Yo era un mocito veinteañero cuando Marshall McLuhan dijo aquello de que el medio es el mensaje, lo cual se popularizó en una suerte de tautología amable: el mensaje está en el medio. Dicho con más precisión: porque no está en los extremos, ni en el emisor ni en el receptor sino en el medio, en el justo medio donde se dice lo que se dice.
Otros fueron mocitos cuando yo y mis contemporáneos ya no lo éramos, cuando Baudrillard dijo que el mundo posmoderno no era real, irreal ni surreal sino hiperreal. No lo conocemos porque nos lleva al éxtasis, algo que está más allá del conocimiento. Es mejor porque lo supera y es peor porque no admite ser penetrado, o sea que tiene una especie de blindaje sacro, como las palabras de un ensalmo o un encantamiento. No deja de ser eficaz, vaya que no.

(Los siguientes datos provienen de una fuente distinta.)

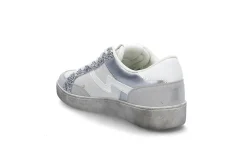 Sporty sneaker med glitter
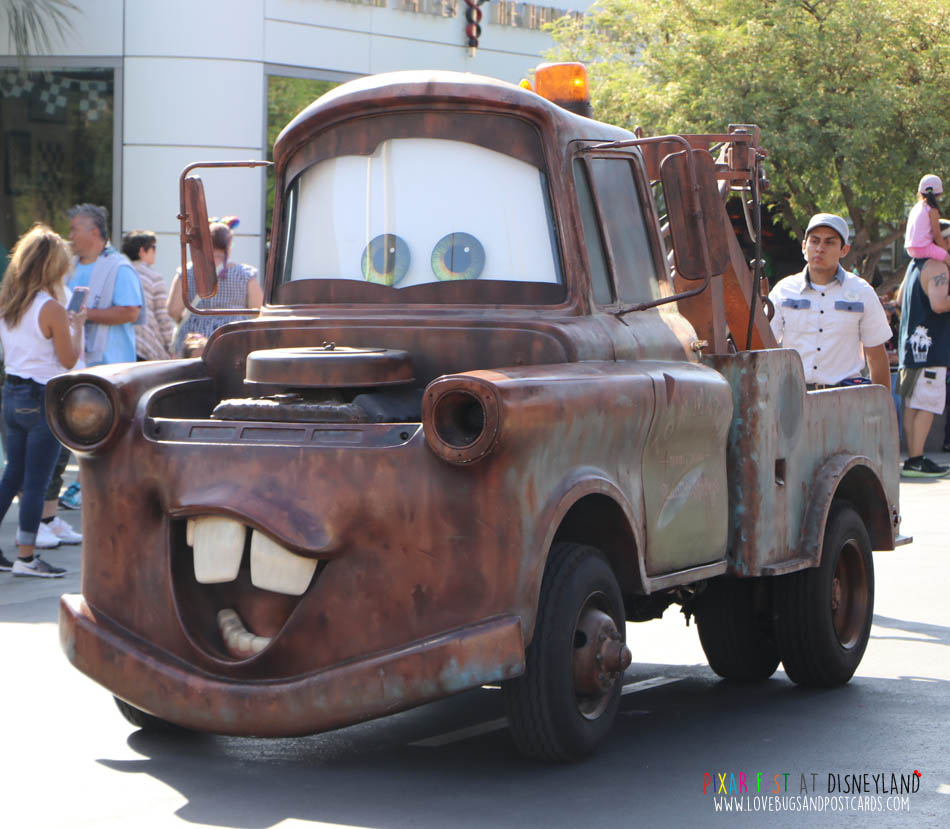 Pixar Fest at Disneyland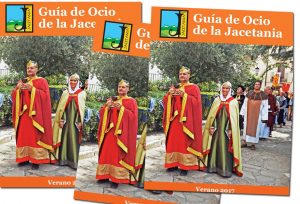 Un año más, la Comarca de la Jacetania ha confiado en Pirineum para el diseño y maquetación de la Guía de Ocio Verano 2017, donde se recogen todas las propuestas culturales, turísticas y deportivas para los meses estivales del territorio jacetano. Se han editado 5.000 ejemplares y también se difunde a través del portal turístico de la web de la Comarca (www.aspejacetania.com) y de las Redes Sociales.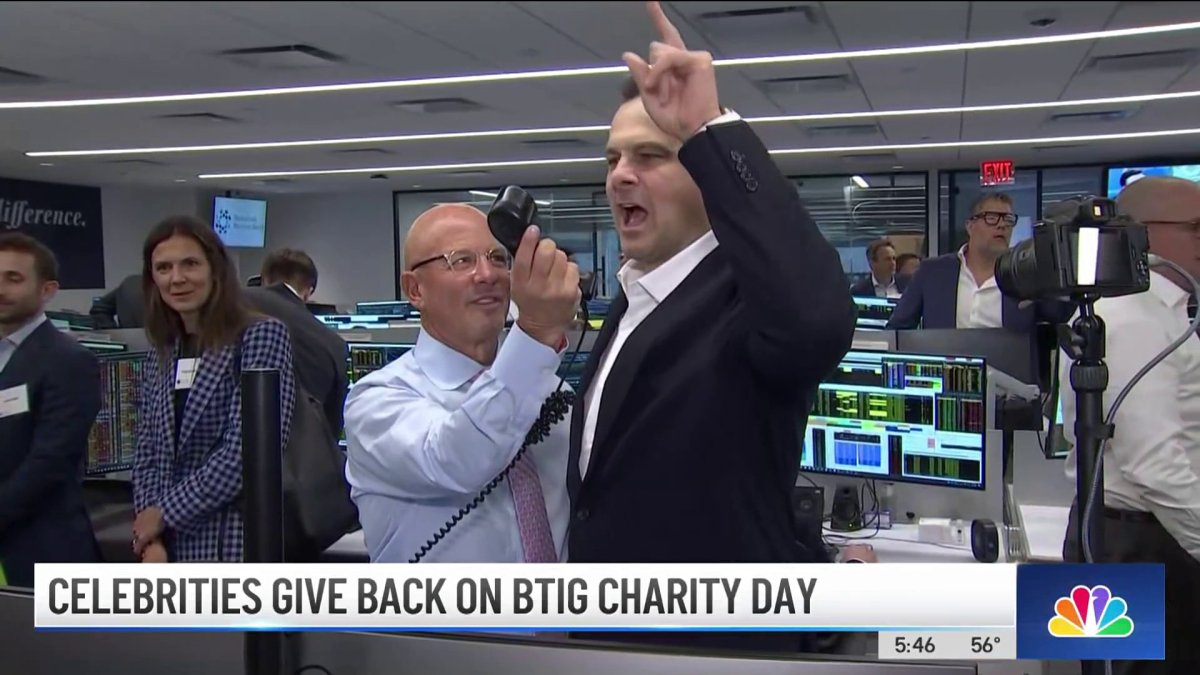 Celebrities Give Back on BTIG Charity Day – NBC New York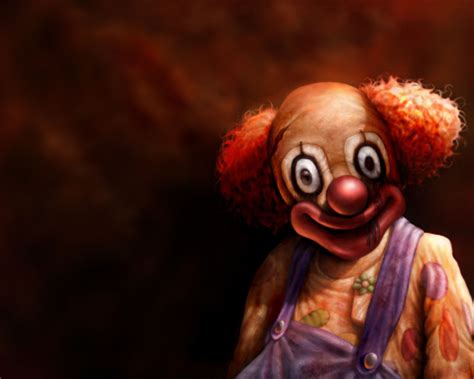 Evil Scary Clown Wallpaper - WallpaperSafari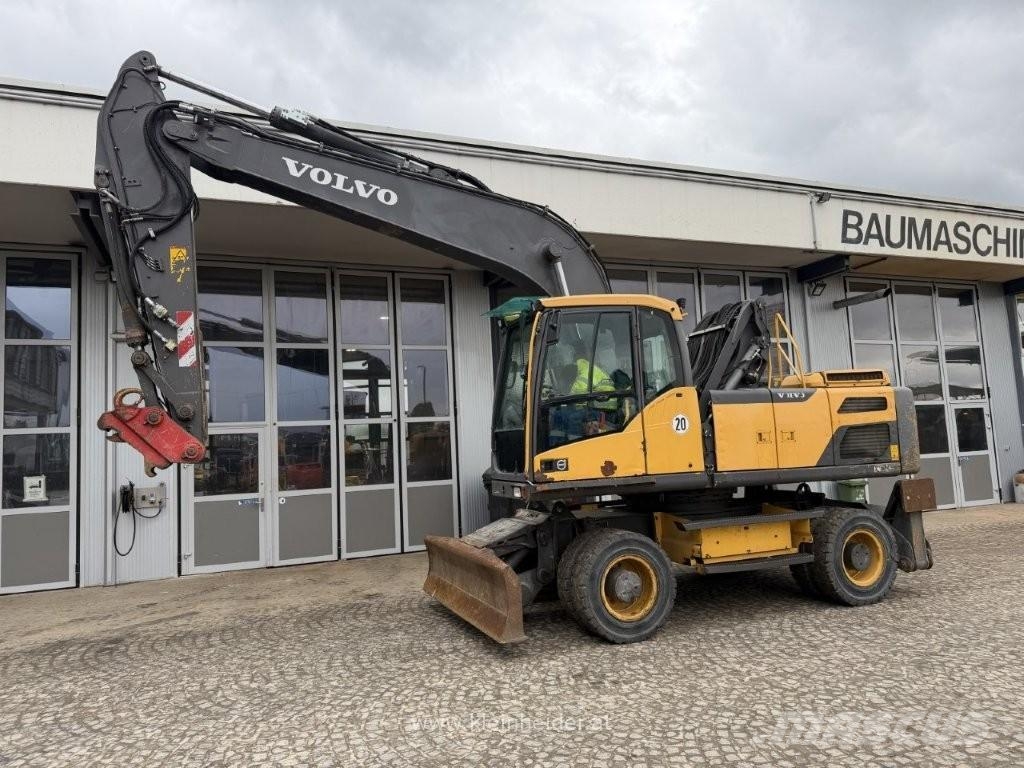 Volvo EW 210 D Stroje pre manipuláciu s odpadom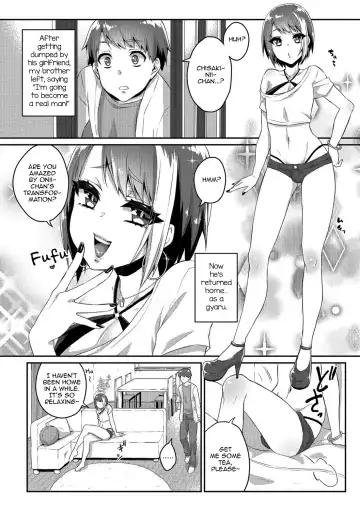 [Binto] Nii-chan wa Bitch Gal Fhentai - Page 2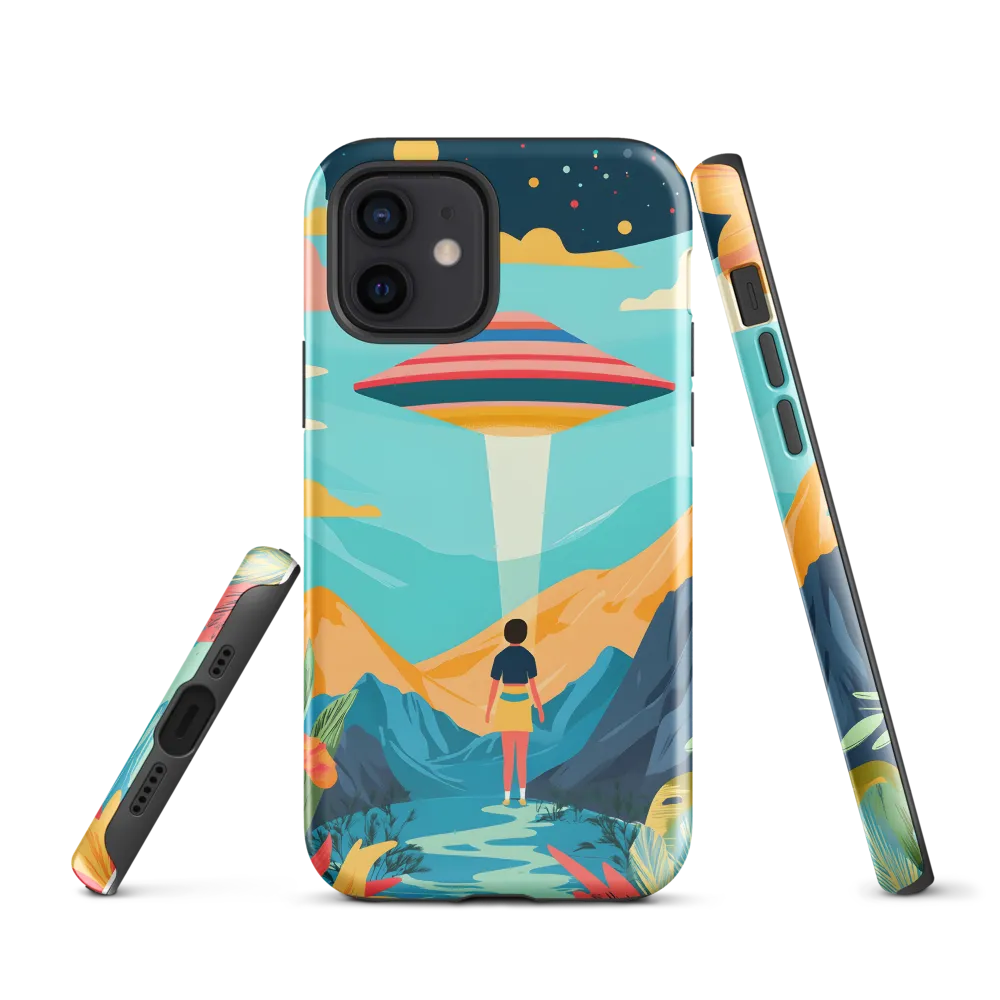 Celestial Encounter | Phone Case |  12 | Tough Case | Glossy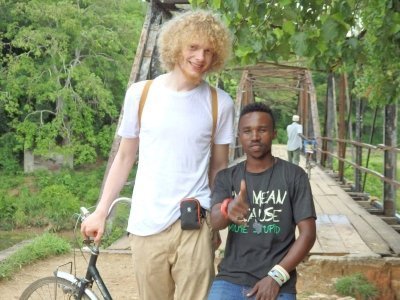 Half-Day Cycling Trip To Amboni Caves & Sulphur Hot Springs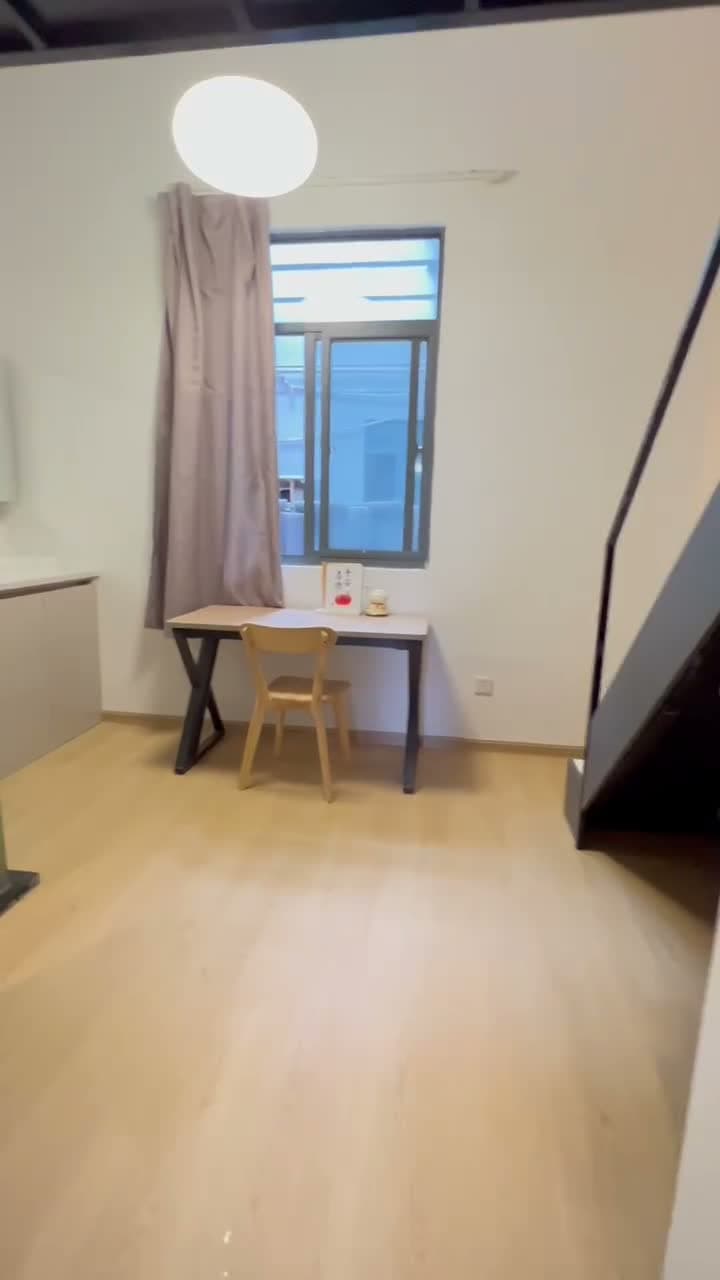 Jiangpu Park Station, Tongyuan Yashe Apartment, 1bd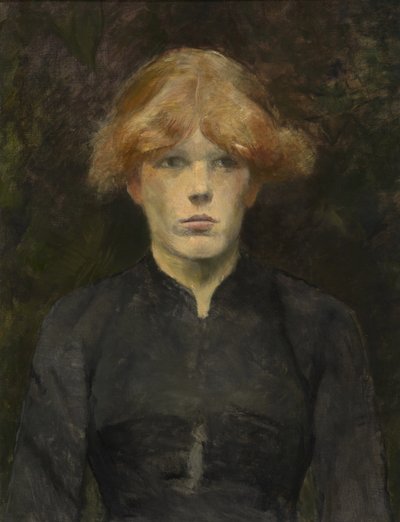 Carmen by Henri de Toulouse Lautrec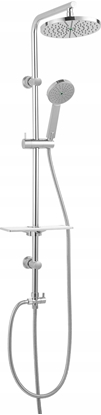 Picture of Zestaw prysznicowy Ferro NP25VL AMIGA VERDELINE ZESTAW NATR. Z DESZCZOWNI, CHROM // N.00.AMIGA-FER
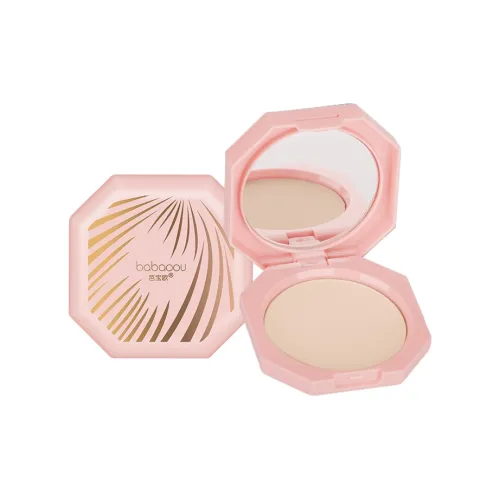 BABAOOU Прозрачный Смягчающий Фиксирующий Пудра Естественный Длинный Тяжелый Сглаживающий Матовый 8г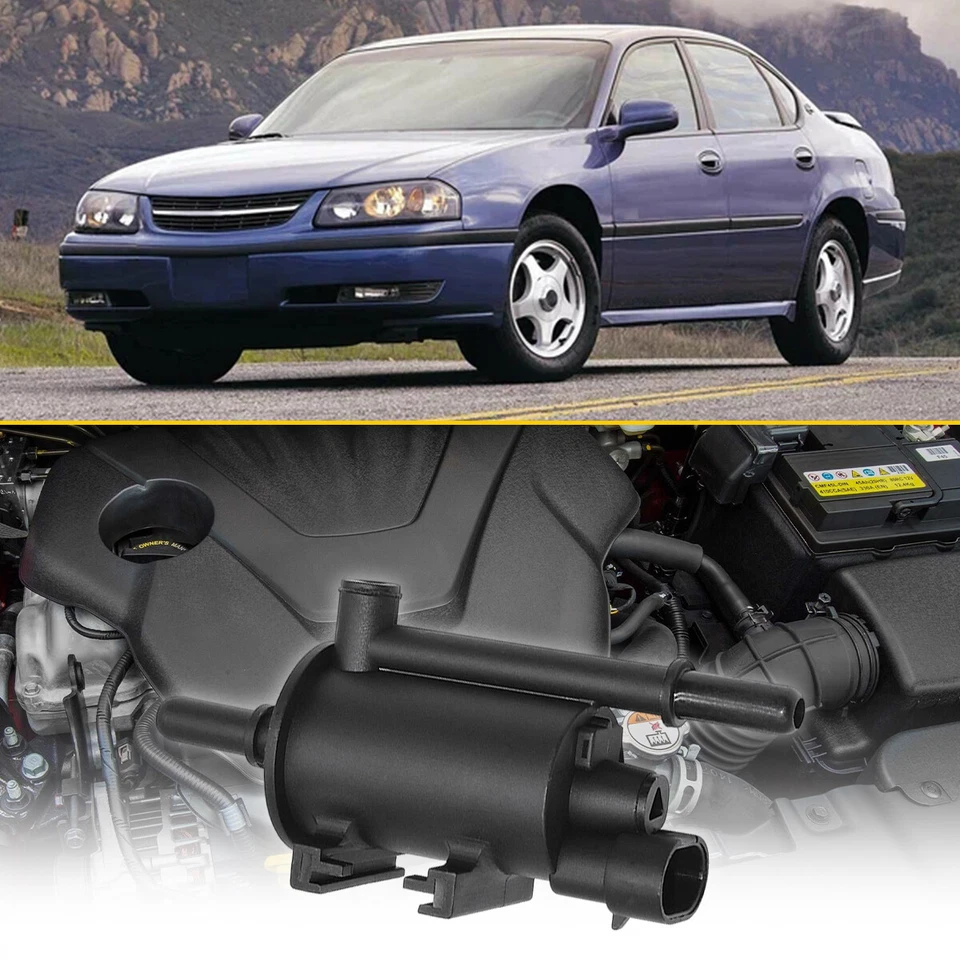 Electroválvula de purga de bote EVAP 12569751 para 98-05 Chevrolet Buick GMC Pontia Foto 2 de 4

Tampoco son ineficaces los conjuros de las indias panameñas que facilitan el parto. Baudrillard llegó a conclusiones similares: la guerra de Irak nunca ocurrió simplemente porque ocurren las cosas reales, irreales o surreales, pero no las hiperreales. Pasan de largo por una pantalla de televisión. Simplemente eso. Y, en pleno salón, sobre un mueble de Ikea y vaso con bourbon en mano, caemos en éxtasis. Esto es: el alma se escinde del cuerpo, el cuerpo resta inane en el sillón y el alma huye hacia la pantalla.
No quito ni pongo nada de las recetas para ambas mocedades. Simplemente, constato que se trata de un remaquillaje de una verdad antigua, tan antigua que se ha vuelto clásica y tiene una clase muy definida, por lo cual admite sinónimos. Esa categoría es la retórica, el arte de persuadir. Consiste en elegir el medio apropiado al mensaje para que resulte verosímil o sea que parezca verdad aunque no lo sea, porque necesitamos actuar en nombre de algunas verdades y luego ya veremos si eran erróneas o correctas.
En todo caso, lo importante es que funcionen como verdades, lo que Ortega llamaría creencias, diferenciándolas de las meras ideas. El pintor de la cueva de Altamira eligió representar a un bisonte y darle un color que un español denominaría butano y un argentino, tango. Qué valor suasorio tendrían para sus compañeros de cueva no lo sabemos y quizá no lo sabremos nunca. Pero que era un mocito que sabía elegir el medio del mensaje y la hiperrealidad de aquel animal que sólo existía en el muro de una caverna, de eso me permito estar persuadido. Soy víctima de la retórica, demandante de la retórica, gozoso receptor de retóricas. Un animal retórico como el pintor de Altamira.